Segment Start: Input material
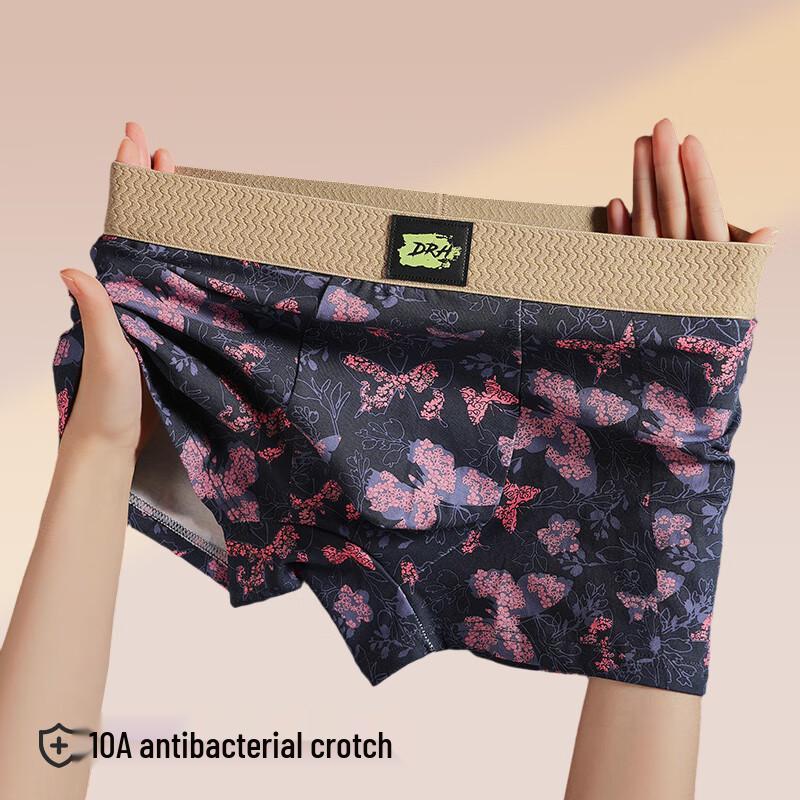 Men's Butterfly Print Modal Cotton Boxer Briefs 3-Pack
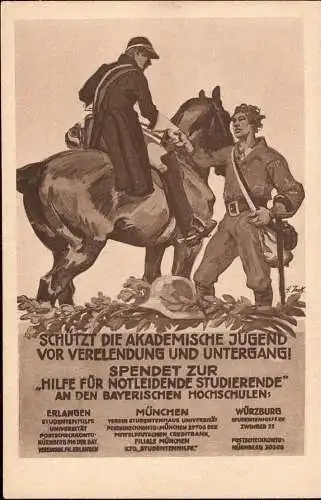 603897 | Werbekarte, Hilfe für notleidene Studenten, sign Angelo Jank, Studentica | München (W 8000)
Segment End: Input material
Segment Start: Input material
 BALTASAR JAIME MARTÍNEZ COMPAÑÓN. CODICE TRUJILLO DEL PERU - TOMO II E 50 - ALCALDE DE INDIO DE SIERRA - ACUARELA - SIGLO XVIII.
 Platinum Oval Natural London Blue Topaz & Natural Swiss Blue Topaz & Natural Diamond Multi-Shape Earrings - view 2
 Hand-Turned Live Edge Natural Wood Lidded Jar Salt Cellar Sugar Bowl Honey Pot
Segment End: Input material
Segment Start: Input material
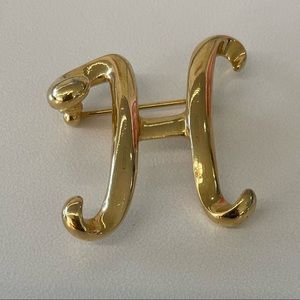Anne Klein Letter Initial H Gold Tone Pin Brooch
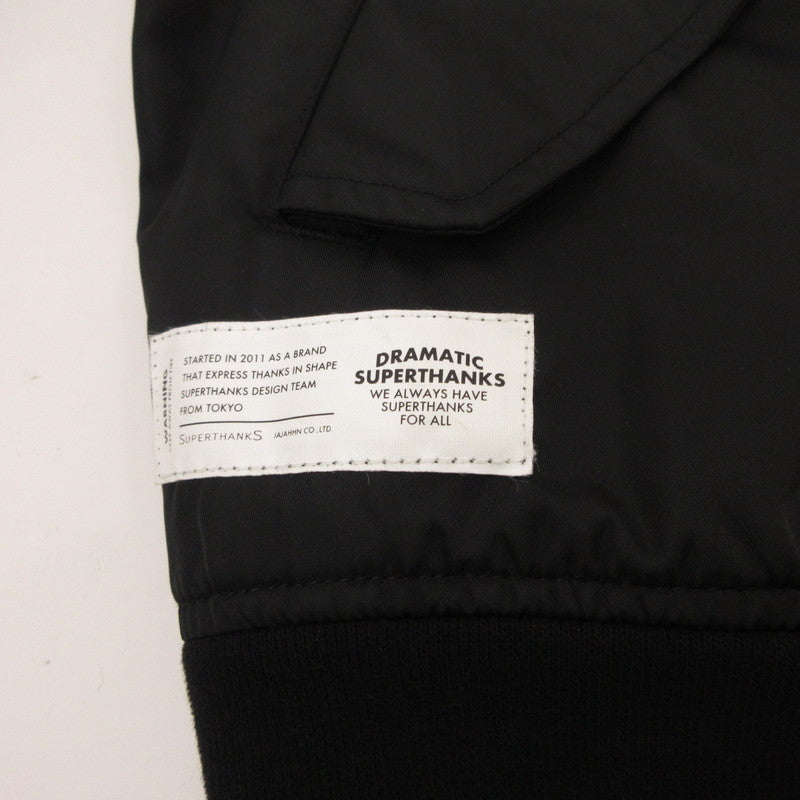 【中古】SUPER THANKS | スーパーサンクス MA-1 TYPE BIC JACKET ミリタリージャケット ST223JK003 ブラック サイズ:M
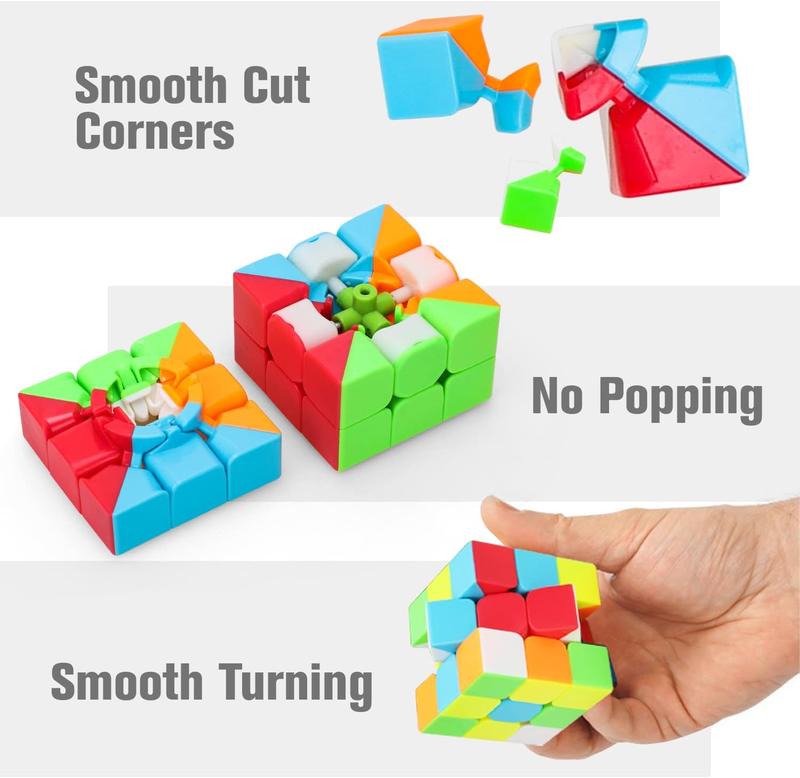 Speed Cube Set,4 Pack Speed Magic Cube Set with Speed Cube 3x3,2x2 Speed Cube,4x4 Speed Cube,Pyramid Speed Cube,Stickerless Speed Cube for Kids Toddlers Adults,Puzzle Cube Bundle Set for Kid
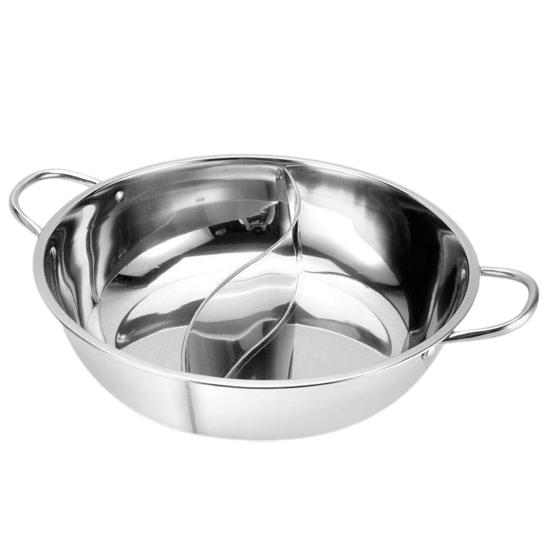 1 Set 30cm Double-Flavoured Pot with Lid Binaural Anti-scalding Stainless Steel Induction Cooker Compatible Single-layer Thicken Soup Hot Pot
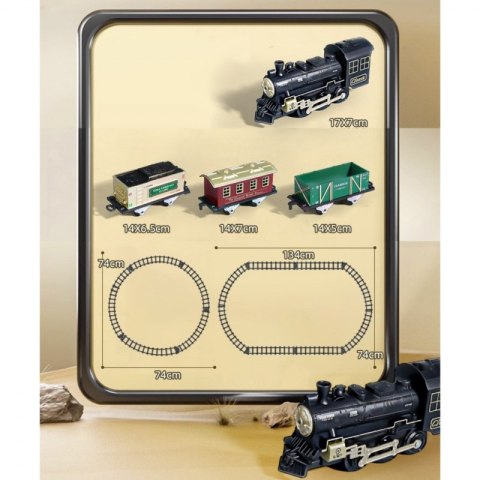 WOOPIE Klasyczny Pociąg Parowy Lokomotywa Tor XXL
Segment End: Input material
Each line above from the one containing "Men's Butterfly Print" through the one containing "603897 | Werbekarte, Hilfe" is to be returned verbatim. Nothing else, and no pictures.

 Men's Butterfly Print Modal Cotton Boxer Briefs 3-Pack
 603897 | Werbekarte, Hilfe für notleidene Studenten, sign Angelo Jank, Studentica | München (W 8000)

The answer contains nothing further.